Tonight, in honor of last week's veterinary technician week, we are showcasing the unsung hero of veterinary medicine, the veterinary technician.  Like their RN human medical counterparts, veterinary technicians are the work-horse of the veterinary hospital, in charge of client communication, administration of treatments, laboratory procedures and diagnostics, rehabilitation, nad much more.  Unlike their RN counterparts, veterinary technicians must be educated and proficient in multiple areas of medicine, including orthopedics, clinical pathology, internal medicine, rehabilitation, radiology, and dentistry...essentially, like the veterinarian that takes on multple areas of expertise, the veterinary technician must also be able to navigate through multiple branches of medicine. 

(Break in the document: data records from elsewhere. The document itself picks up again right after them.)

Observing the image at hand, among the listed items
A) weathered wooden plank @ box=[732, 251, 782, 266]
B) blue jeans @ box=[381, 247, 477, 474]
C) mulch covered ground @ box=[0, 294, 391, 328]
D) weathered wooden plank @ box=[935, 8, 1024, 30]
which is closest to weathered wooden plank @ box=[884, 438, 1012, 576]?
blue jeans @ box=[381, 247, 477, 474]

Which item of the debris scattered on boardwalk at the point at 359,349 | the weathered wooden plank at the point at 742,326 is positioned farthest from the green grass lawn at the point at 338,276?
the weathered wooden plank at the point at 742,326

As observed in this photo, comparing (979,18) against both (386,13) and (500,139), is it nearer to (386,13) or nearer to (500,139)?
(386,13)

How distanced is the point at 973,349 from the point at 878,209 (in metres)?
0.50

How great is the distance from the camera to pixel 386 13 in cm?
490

Below are the talking points for tonight's episode.  Remember, we are back to live broadcasting by both video and audio streams, so in addition to e-mailing us ( questions and comments to be addressed on the air, you may call in live as well.

Thanks for all your support and for caring about what I have to say!


Roger Welton, DVM
Episode talking points:
1) Veterinary Technicians and veterinary assistants are an essential part of many successful veterinary practices. Their primary goal is to assist the veterinarian to ensure the best possible outcome for each and every patient.

2) In helping the doctor, technicians and assistants are called upon to be a nurse, laboratory technician, radiology technician, anesthetist, surgical nurse, grief counselor, patient comforter and client educator.

3) Veterinary technicians can also be found in research laboratories, educational centers, zoos, the military and pharmaceutical companies.

4) The first Veterinary Technology program was actually started by the Air Force in 1951.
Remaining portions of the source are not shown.